P-values ≤0.05 were considered statistically significant. P-values were denoted as following: ∗=P≤0.05, ∗∗=P<0.01, ∗∗∗=P<0.001, and ∗∗∗∗=P<0.0001. Data analysis and visualization was conducted in SAS Studio (version 9.4), R (version 4.2.2), and RStudio Desktop (version 2022.07.2). Schematic overviews of the study were created using BioRender.com.

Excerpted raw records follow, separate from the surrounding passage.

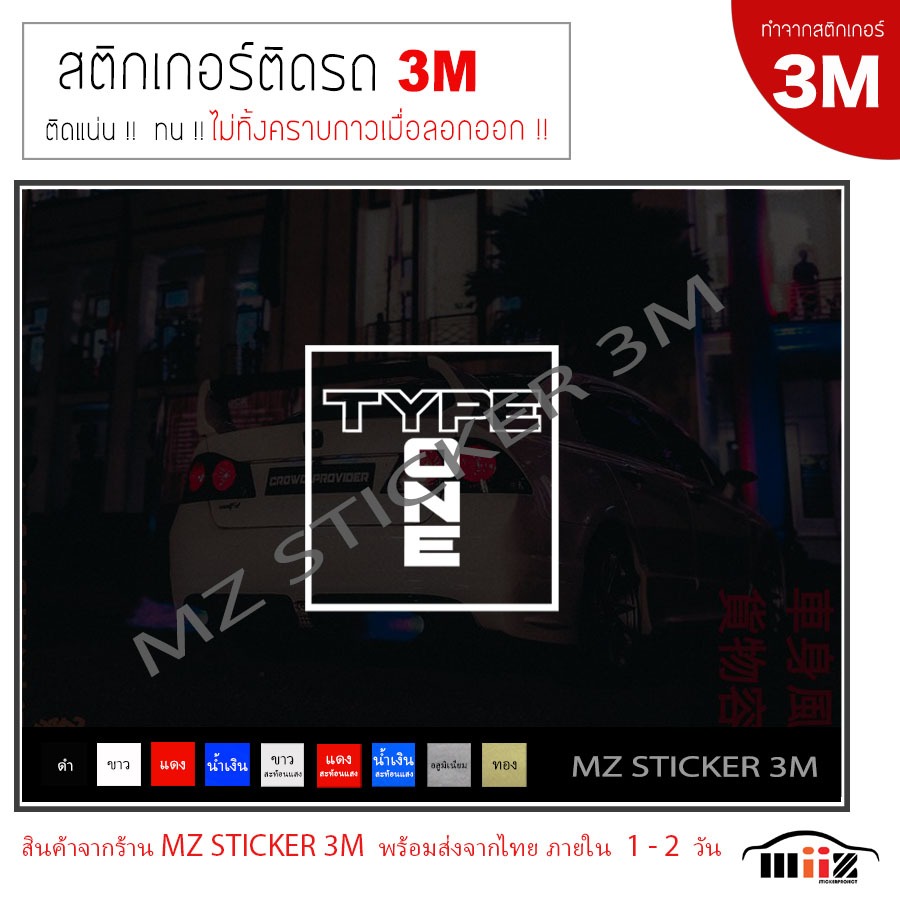 TYPE ONE สติ๊กเกอร์ไดคัท ติดรถยนต์ 3M ขนาด 8X7.6 Cmไม่ทิ้งคราบกาวเมื่อลอกออก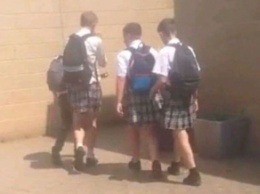 В Британии мальчикам разрешили ходить в школу в юбках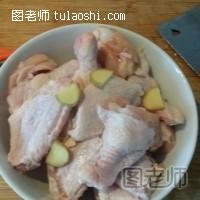 川版土豆烧鸡翅，鸡腿或者鸡，各种烧的做法图解1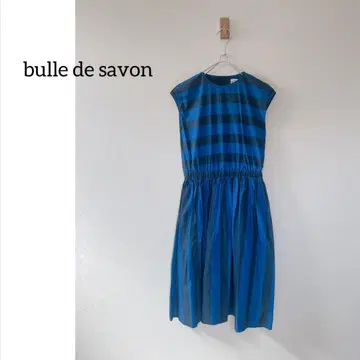 bulle de savon 뷔르데사봉 보더 스트라이프 원피스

Published: August 14, 2023

Data and code availability

• •The data reported in this study cannot be deposited in a public repository. Data is restricted to protect the privacy of the study participants in this cohort. Data from the ENFORCE cohort may be made available to researchers upon approval of an application to the ENFORCE scientific steering committee and further approval by relevant authorities. Applications for data must be sent to enforce.rigshospitalet@regionh.dk. If approval is granted data will be provided as deidentified data. The ENFORCE protocol is available at www.enforce.dk and more detailed information about data access may be found at https://chip.dk/Research/Studies/ENFORCE/Study-Governance.
• •This paper does not report original code. Requests for code should be directed to the lead contact.
• •Any additional information required to reanalyze the data reported in this paper is available from the lead contact upon request.